といっても、けっして難しい理屈を説くつもりはありません。資本主義であれば世界中のどんな経済や経営、あるいは会社法の教科書にも書いてある、ごく一般的な原理原則を確認するだけです。
最初に大原則をいえば、株式会社の目的は株主の利益の最大化です。それ以上でも以下でもありません。
ところが日本では、「公益資本主義」もしくは「ステークホルダー経営」を信奉する経営者が少なくありません。要は、株主より株主以外のステークホルダーを重要視するということです。
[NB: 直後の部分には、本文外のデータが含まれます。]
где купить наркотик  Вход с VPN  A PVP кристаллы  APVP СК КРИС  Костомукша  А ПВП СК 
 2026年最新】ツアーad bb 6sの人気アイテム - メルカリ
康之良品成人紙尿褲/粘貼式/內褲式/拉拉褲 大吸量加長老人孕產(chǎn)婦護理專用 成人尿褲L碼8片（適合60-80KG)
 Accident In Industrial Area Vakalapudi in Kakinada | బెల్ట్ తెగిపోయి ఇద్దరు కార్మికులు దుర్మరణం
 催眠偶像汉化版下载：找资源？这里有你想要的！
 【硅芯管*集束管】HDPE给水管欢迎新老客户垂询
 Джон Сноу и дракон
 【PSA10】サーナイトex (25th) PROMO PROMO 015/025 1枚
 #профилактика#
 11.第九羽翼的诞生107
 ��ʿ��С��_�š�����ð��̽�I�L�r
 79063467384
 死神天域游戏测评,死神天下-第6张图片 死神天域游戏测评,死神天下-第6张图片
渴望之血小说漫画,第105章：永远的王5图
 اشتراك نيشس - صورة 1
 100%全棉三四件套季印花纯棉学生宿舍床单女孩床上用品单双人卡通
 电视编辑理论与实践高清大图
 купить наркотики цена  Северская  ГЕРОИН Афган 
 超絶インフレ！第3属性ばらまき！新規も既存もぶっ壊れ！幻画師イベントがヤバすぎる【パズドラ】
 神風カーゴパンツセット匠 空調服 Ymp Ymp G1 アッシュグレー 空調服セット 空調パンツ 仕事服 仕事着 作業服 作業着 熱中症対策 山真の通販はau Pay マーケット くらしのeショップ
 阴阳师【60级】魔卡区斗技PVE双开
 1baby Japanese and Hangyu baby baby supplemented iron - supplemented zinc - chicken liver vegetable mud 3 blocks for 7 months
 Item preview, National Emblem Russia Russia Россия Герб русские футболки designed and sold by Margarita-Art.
ちなみに、岸田文雄総理も就任当初は「新しい資本主義」と称して「ステークホルダー経営」的な考えを表明しておられましたが、各方面から批判されたのか、いつの間にか立ち消えとなったようです。
経営者の「従業員が大事」はおかしい
経営者の中には、上場企業であっても「まず従業員が大事」と公言される方が少なからずいます。ここには雇用を守るとか、株主の理不尽な要求には屈しないといった意味が込められているのでしょう。
一見するとたいへん美しく、頼もしいようにも感じますが、少し冷静に考えていただきたいと思います。
従業員であれ、顧客であれ取引先であれ、企業との間には企業が債務を履行する義務を負う契約関係が存在します。
労働の対価として給料を支払ったり、財やサービスの授受を通じて代金のやりとりをしたりしているわけです。仮に経営が赤字になっても、ただちに支払いが止まることはないでしょう。
一方、株主と企業の間にこうした契約関係はありません。
株を買っても、会社が利益を出して株価が上がらなければ報われません。利益がなければ配当も期待できません。逆に株価が下がって損が出ても、当然ながら自己責任です。そういうリスクを背負うからこそ、会社法では株主総会での議決権のみならず、株主にある程度の特別な権利を認めているのだと思います。
そもそも株式会社は、こういうリスクマネーを集めて資本とすることで初めて成り立ちます。上場企業であれば、なおさら不特定多数から株主を募ることになります。